**WHAT TO WORK ON:**
Where a picture appears in the data below, exclude it; restate everything else word for word.

**DATA SHOWN:**
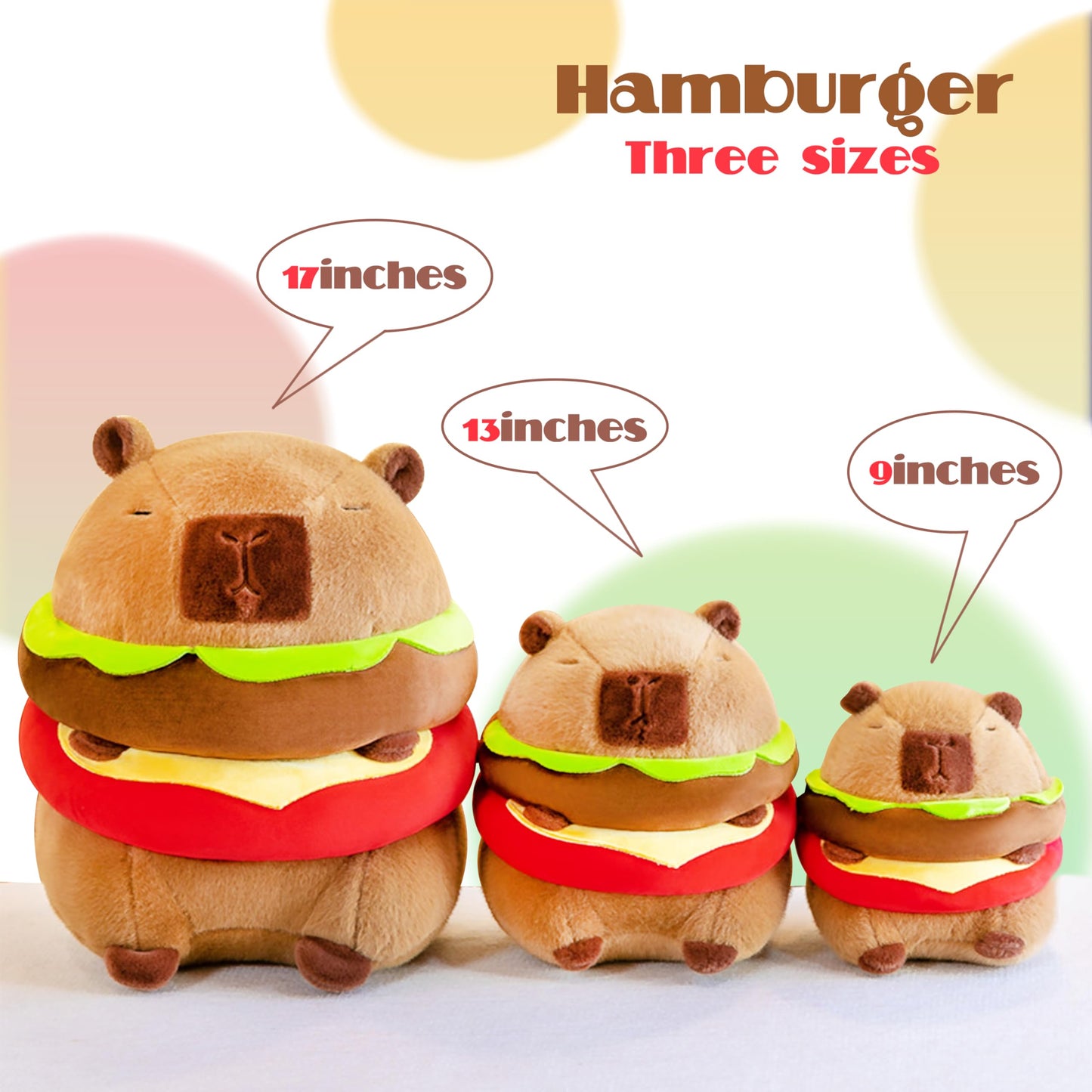 TXDRRA Capybara Plush Toy,Cute Capybara Stuffed Animal,Soft Brown Capybara Plushie,Gifts for Boys and Girls (Hamburger Capybara,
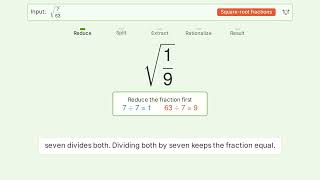 Simplify sqrt(7/63) - Square Root of a Fraction | Tiger Algebra Solver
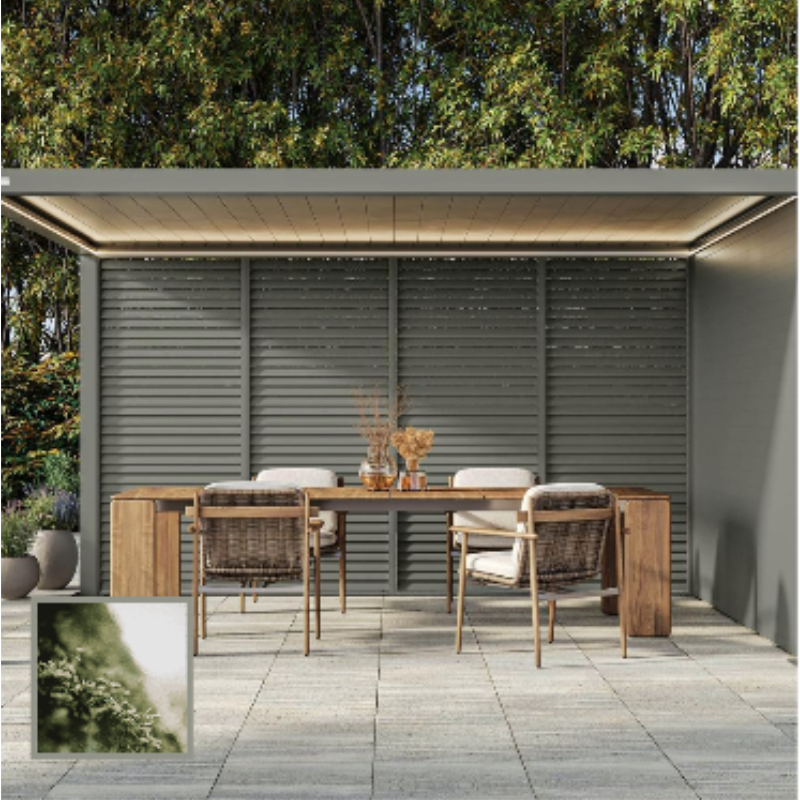 Morvelle Pergola with Motorised Louvred Roof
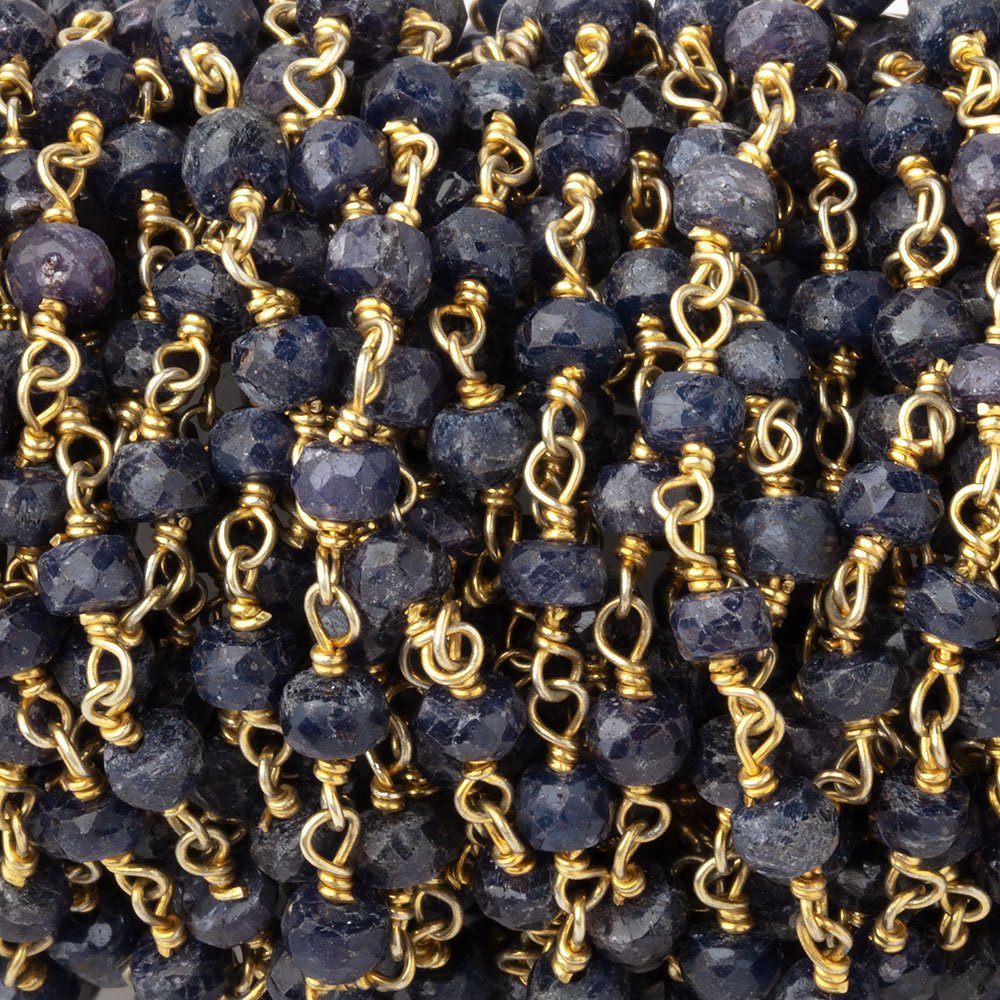 4mm Blue Sapphire Faceted Rondelle Beads on Vermeil Chain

**EXPECTED ANSWER:**
 TXDRRA Capybara Plush Toy,Cute Capybara Stuffed Animal,Soft Brown Capybara Plushie,Gifts for Boys and Girls (Hamburger Capybara,
 Simplify sqrt(7/63) - Square Root of a Fraction | Tiger Algebra Solver
 Morvelle Pergola with Motorised Louvred Roof
 4mm Blue Sapphire Faceted Rondelle Beads on Vermeil Chain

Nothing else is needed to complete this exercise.